Now the is the summer of our discontent made dark by the slaying of another Son of Our City. And in the raging wheezes of reaction we glimpse the inhumanity of man in all its awful glory.
When they write the ballad of our nation, what will they say? Will it be said that we rose above our prejudices and the awful legacy of slavery? Or will it be said that the better angels of our nature were continually shouted down by our incessant desire not to feel uncomfortable with ourselves, with the dark truths lurking in the unlit corners of our minds?
Freddie Gray, Sam Dubose, Philando Castile, Alton Sterling, Jamar Clark, Jeremy McDole, Walter Scott, Eric Harris, Tamir Rice, Michael Brown, Eric Garner, William Chapman II. These were our sons, our children that we sent into the world with warnings that one wrong move could result in their death. No less than Former Attorney General Eric Holder had The Talk with his son about how to act around law enforcement to avoid death. This monumental failing is on us all. As a cis white guy, I know how my interactions with the police are going to go: they will be polite, professional, and the interaction will probably be short. That is privilege. I move throughout society easily, the color of my skin acting as a kind of lubrication for the social engine.

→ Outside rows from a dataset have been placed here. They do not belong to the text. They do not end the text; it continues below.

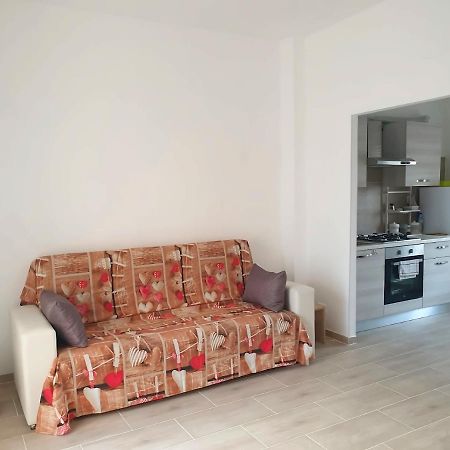 Appartement Attico Con Terrazzo Relax à Ladispoli Extérieur photo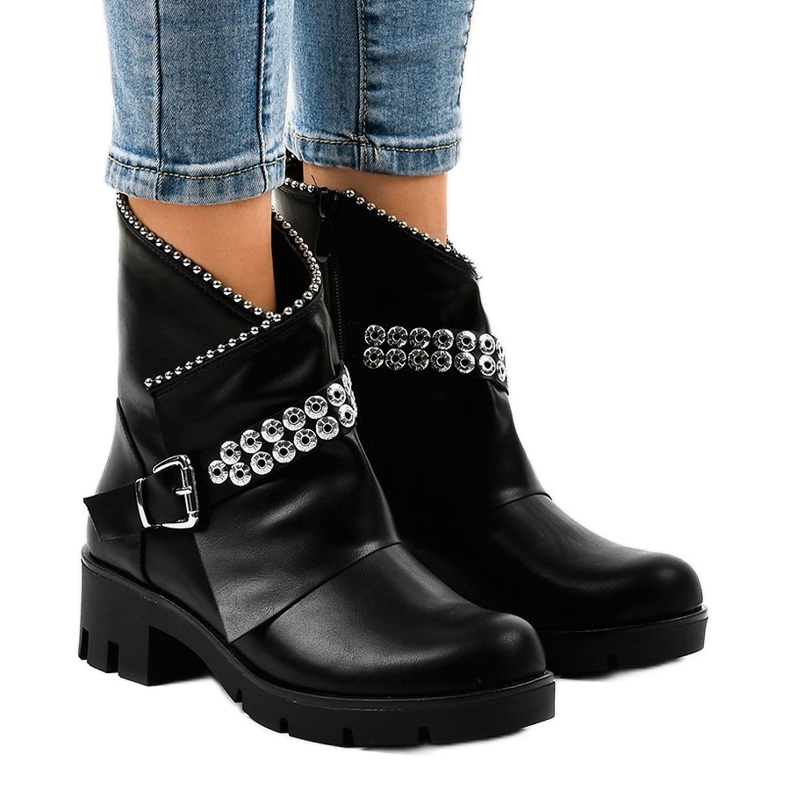 Stivali neri da donna decorati con A-337 nero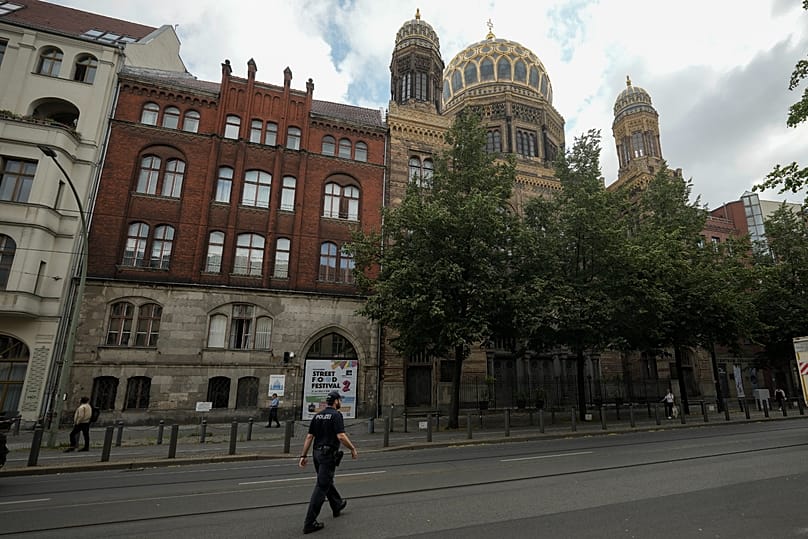 Ein Polizist patrouilliert vor der "Neuen Synagoge“ in der Berliner Innenstadt.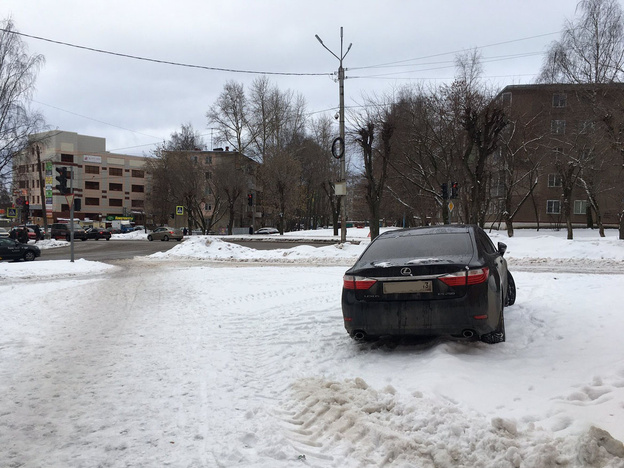 «По звонку наряд не приехал»: в Кирове водитель припарковался на тротуаре у входа в парк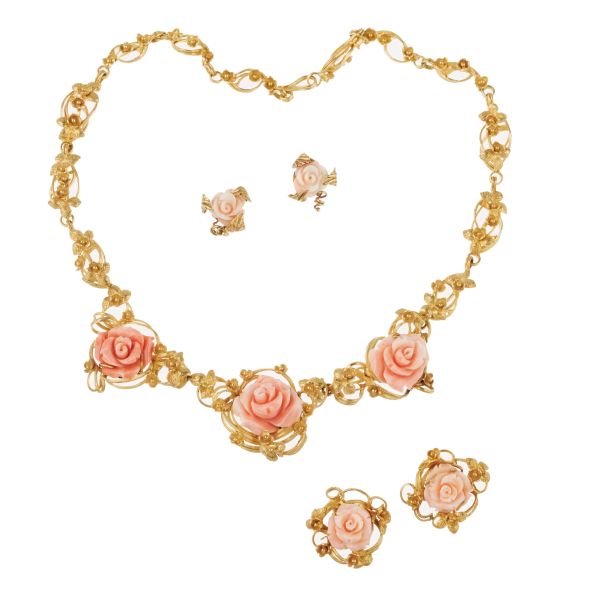 ROSE CORAL FLORAL PATTERN PARURE IN 18KT YELLOW GOLD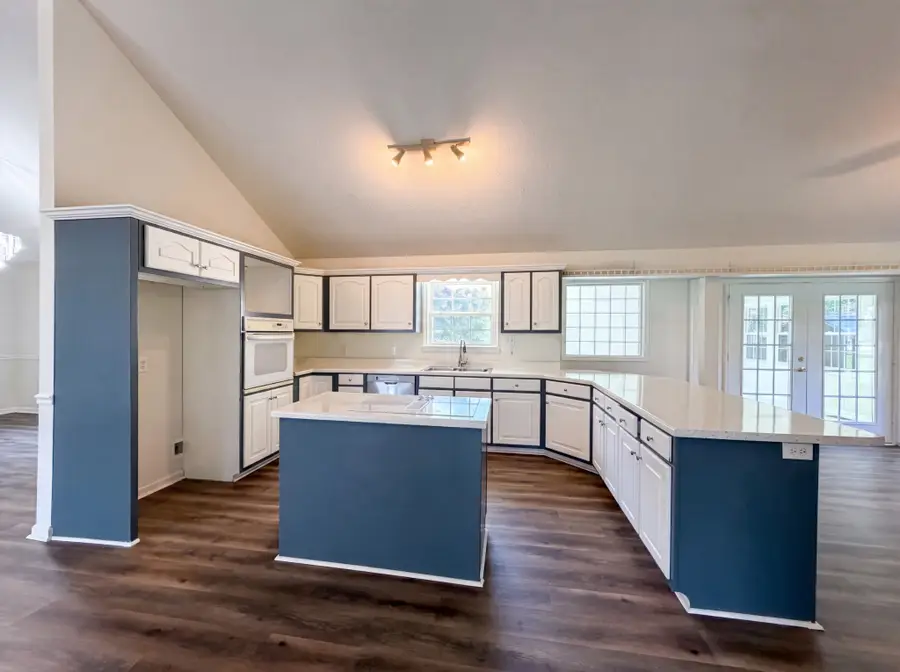 807 W Thompson Ln, Murfreesboro, TN 37129 - #2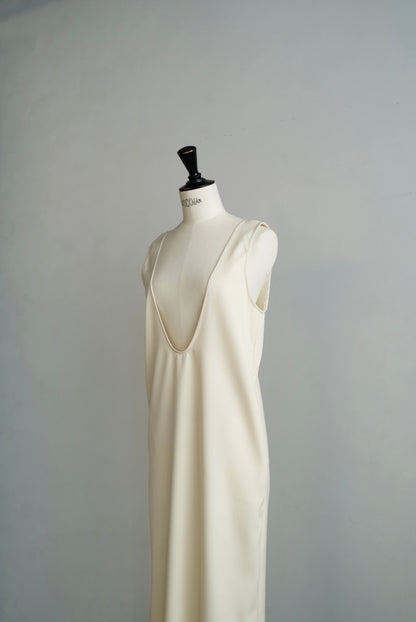 Round Onepiece / WHITE -3月25-31日発送-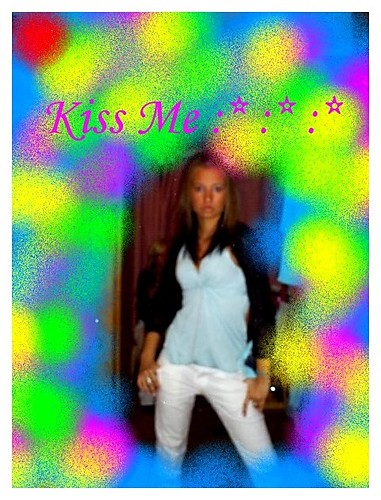 Kiss me :)))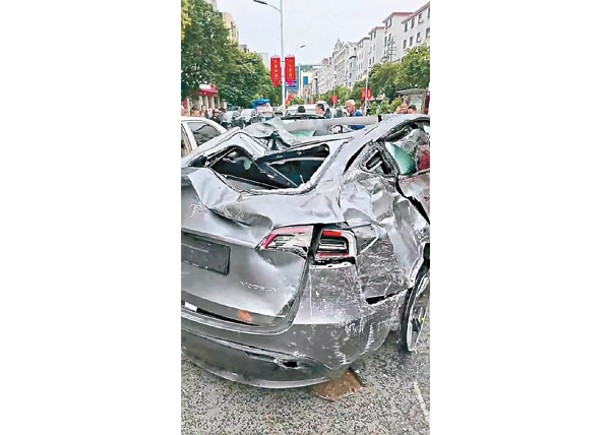 江西Tesla失控撞毀9車  傷4人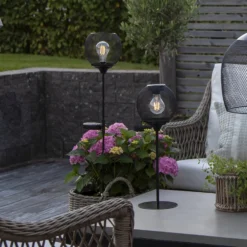 LED-Solartischlampe Sunlight mit Netzgeflecht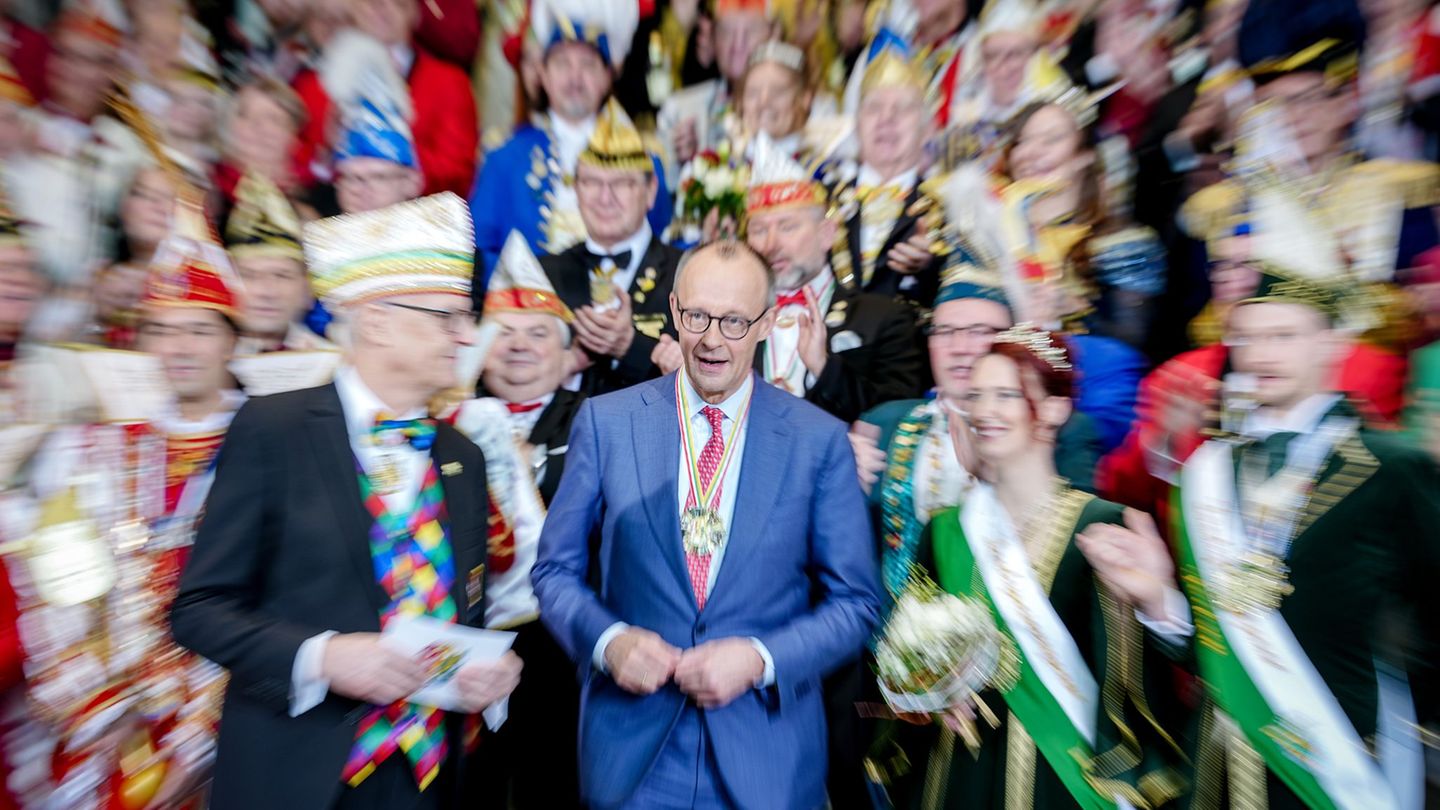 Bundeskanzler Friedrich Merz (M, CDU) begrüßt im Kanzleramt rund 140 Karnevalisten aus dem Land zum jährlichen Karnevalsempfang.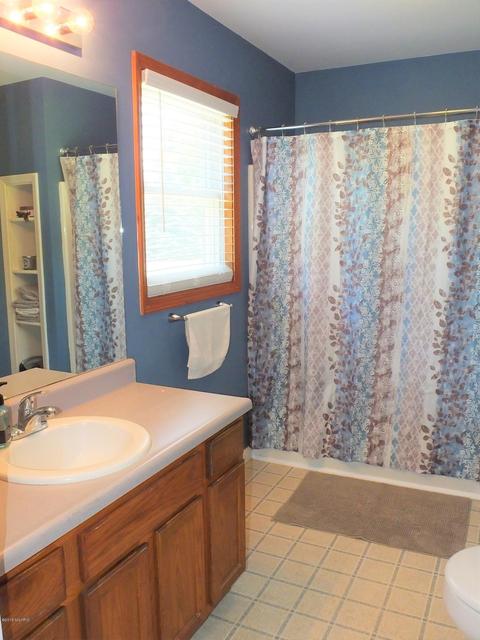 6066 Tanglewood Dr, Lowell, MI 49331 photo 13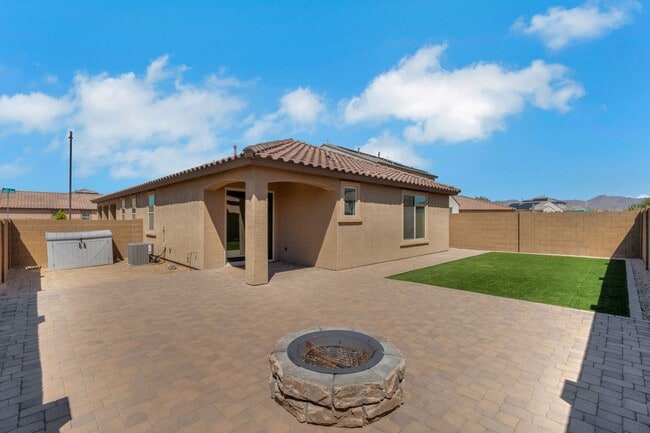 Building Photo - Immaculate & Move-In Ready – Upscale 3BR/2...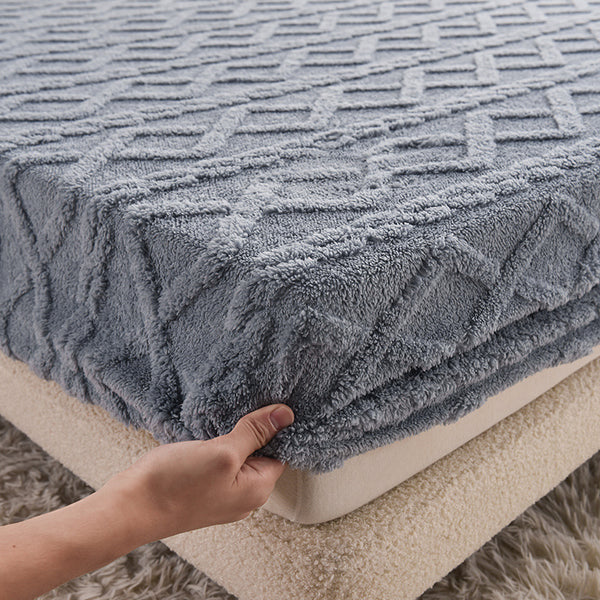 Fashion Personality Flannel Mattress Protective Cover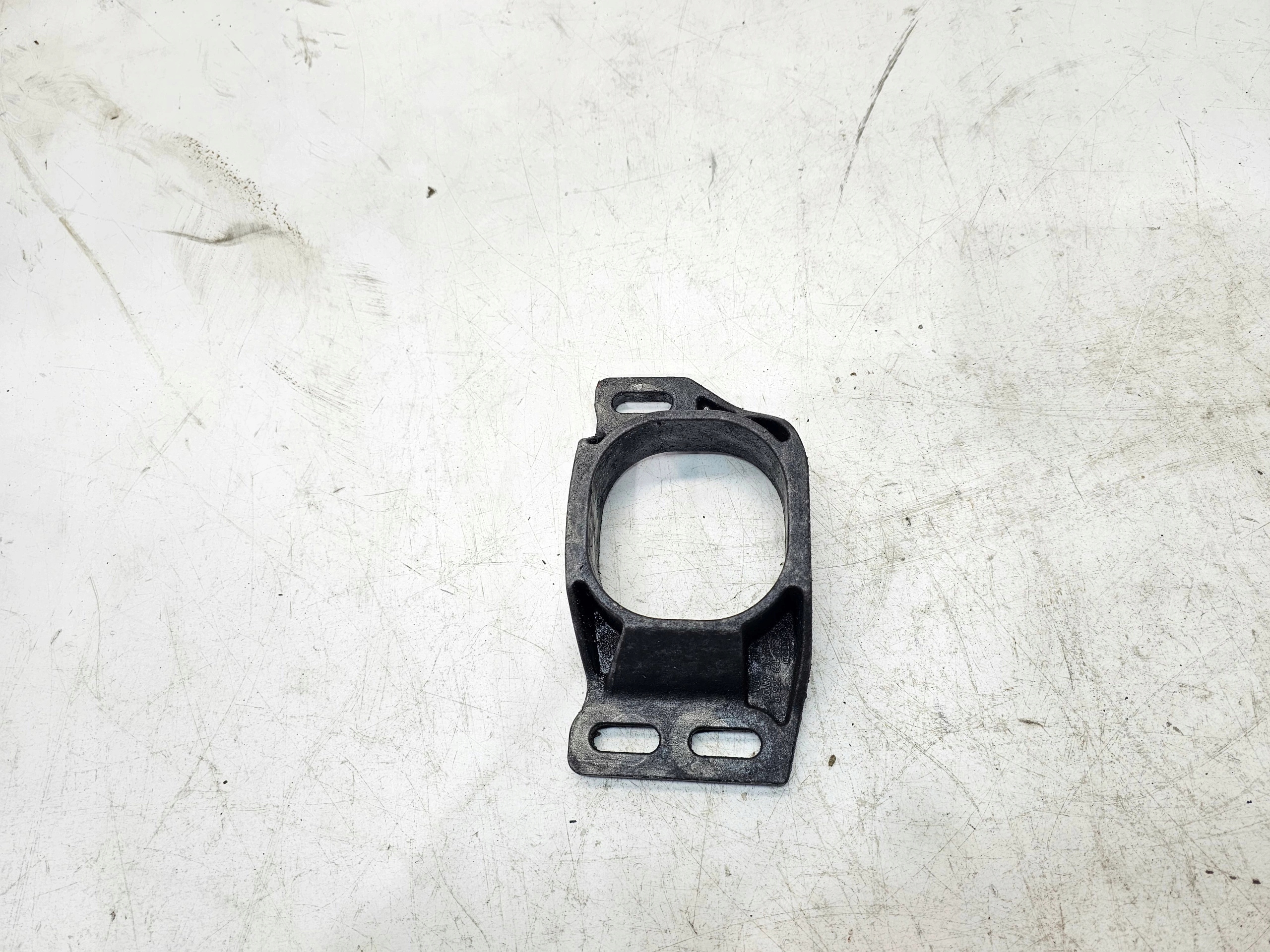 Support plaque LAPY Airbag Moteur Avant AUDI A4 B7 3.0 TDI 8E0199335P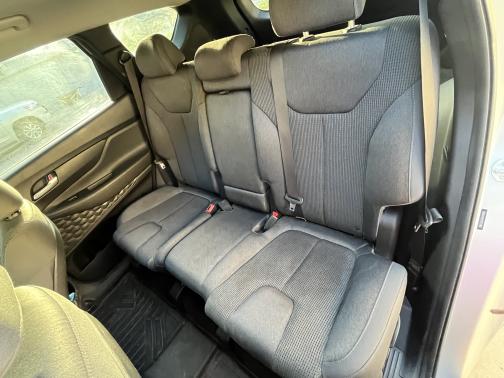 2019 Hyundai SANTA FE SE 2.4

Discrimination is a simple matter of the experience of Blackness in the United States, and the police are often the instrument of that discrimination, both the blunt truncheon and wicked edge of the blade of the law. A community subjected to overzealous and often barbarous treatment will of course act outside it and with no respect for it. When officers of the state, before a grand jury, find themselves un-indicted over and over and over again, it is reasonable for a community to wonder if the rules can even reasonably be called rules. Prosecutors forced into an uncomfortable relationship with toxic police unions and departments, who should be able to convince a jury to indict the proverbial ham sandwich, fail over and over to convince a jury with the lowest evidentiary bars in our legal system.
A man was murdered by agents of the state at the corner of 38th and Chicago. Whatever crimes he may have committed, then or in the past, death was not his just dessert. Duty to George Floyd’s life as a citizen did not matter in this instance. The life was crushed out of a man while three other officers watched. Would they have done this if George Floyd was a white man? I don’t know, he wasn’t. He was black, he was part of, to them, the underclass. A grotesque re-enactment of the brutal caste system of Jim Crow played out at the corner of 38th and Chicago, and this time, it wasn’t the rope that was the instrument of terrible subjugation. This time, again, his life was shattered, trampled to death by the callous, black-clad knee of the police. “I can’t breathe.”
Implementation is not what has gone wrong here. The way the police act is the way we ask them to act. We give them the military gear. We give them Warrior Cop training. Their canisters of tear gas and rubber bullets weren’t stolen or misappropriated. Our president glorifies violence, and gives law enforcement implicit and explicit permission to act in the ways they do. We hire and protect police who act this way, and then act surprised when they do.
Will disbanding police departments fix the problem? I don’t know. But our black neighbors are under attack, and justice demands extreme action. As Ta-Nahisi Coates writes “the extent to which we are tolerant of the possibility of more Walter Scotts and Freddie Grays is the extent to which we are tolerant of the possibility of more Micah Xavier Johnsons.”
Exit, stage left.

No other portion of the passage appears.